I’ve recently come into some unscheduled downtime and have been trying to keep busy. One of the things I’ve been exploring is LLMs and generative applications. So, I took a short course targeted at developers and while exploring the material, I stumbled upon a few tutorials showing a way to enhance RAG output using knowledge graphs. I’m writing this post, and maybe a few others to follow, to document my process and notes as I try to replicate it.

Components and Structure

RAG in this context stands for Retrieval Augmented Generation.

It is a process of enhancing the output generated from a large language model by providing it with relevant context outside of its training data along with your query/prompt.

Typically you provide an LLM with a snippet of text (query/prompt) that it completes (answers) based on its training data. In a RAG application, you also provide specific material (text, audio etc) that the LLM references in addition to its training data when generating the response.

Ingestion

For a typical RAG application, the augmenting document is uploaded by a user and read by one of an ever increasing library. You then chunk it up and get a numerical/vector representation of each chunk called a vector embedding that you store in a vector store. This numerical representation allows you to search the data by similarity in an efficient way.

For a graph-RAG application however, you convert the document into a knowledge graph and generate vector embeddings from this graph.
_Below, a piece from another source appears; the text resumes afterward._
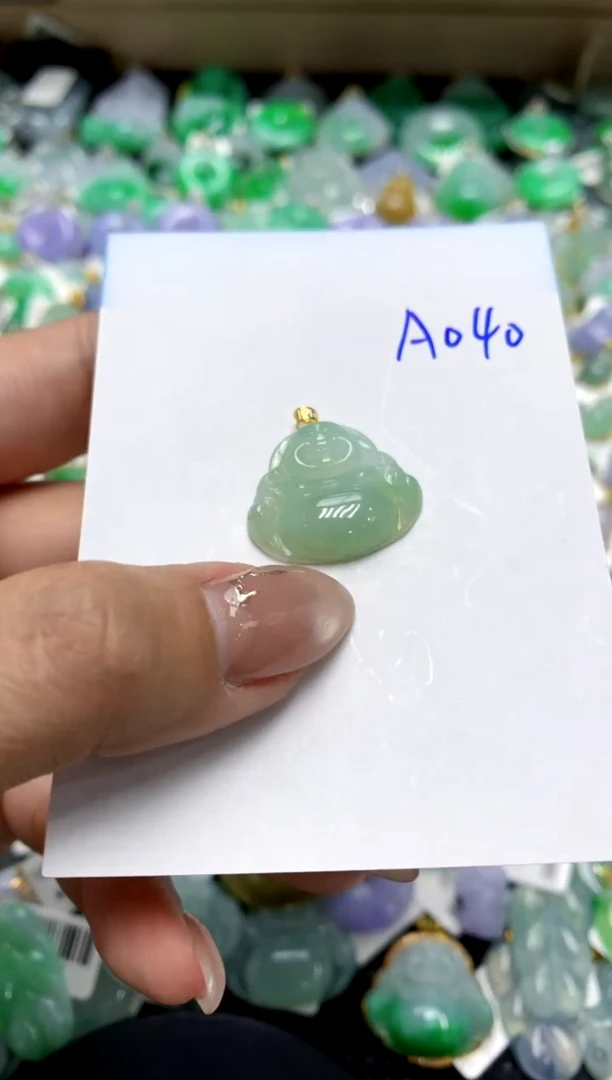 【闪购商品】翡翠颈饰18K金镶嵌1111111111111111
Alternatively, you can generate the vector embeddings the usual way as described above.

Querying

Next is finding the most relevant chunks to the query provided and supplying those to the LLM for generation.

Most datastores come packaged with appropriate functionality to query the underlying data efficiently. You can invoke these on the appropriate stores (chroma, neo4j) and get the relevant data to pass to the LLM for generation.

Worth noting, is the entity extraction. An LLM chain is used to get named entities from the user query and these entities are used to query the graph database for relevant pieces of information.

I then set these up to show the context retrieved and results of generation for both the vector store only and hybrid mode (vector and graph) side by side.

One of the bottlenecks I run into almost immediately was the time/resources required to create the knowledge graph from the uploaded document. Even when using paid tiers on the most popular inference provider platforms, a significant amount of time/tokens/credits is required to generate the graph for a single 30-50 page pdf.

I think further research and refinement in my configuration could cut this down significantly.

Initial testing and Results

Firstly, it’s important to highlight that I think it’s still too early to tell anything conclusive. To test this, i set up a couple of LLM chains with vector only (chroma) and hybrid (neo4j KG) to show their output side by side. Surprisingly, after testing it with the same questions about the same 40-50 page pdf file, there isn’t an astounding difference I noticed between the output generated by the two. From the articles I read, the hybrid set up should perform better at surfacing implied information/

The hybrid setup is more detailed/verbose in its output and has drawn more nuance in 1 or 2 instances but overall the generated text is largely similar in accuracy/nuance.

Improvemments

As mentioned earlier, performance improvements in the knowledge graph generation would go a long way in making this more viable as a feature in a full-fledged product. Additionally, more exhaustive testing using one of the more recently developed frameworks used to track/compare llm output would be a more objective way of comparing the performance between the two setups.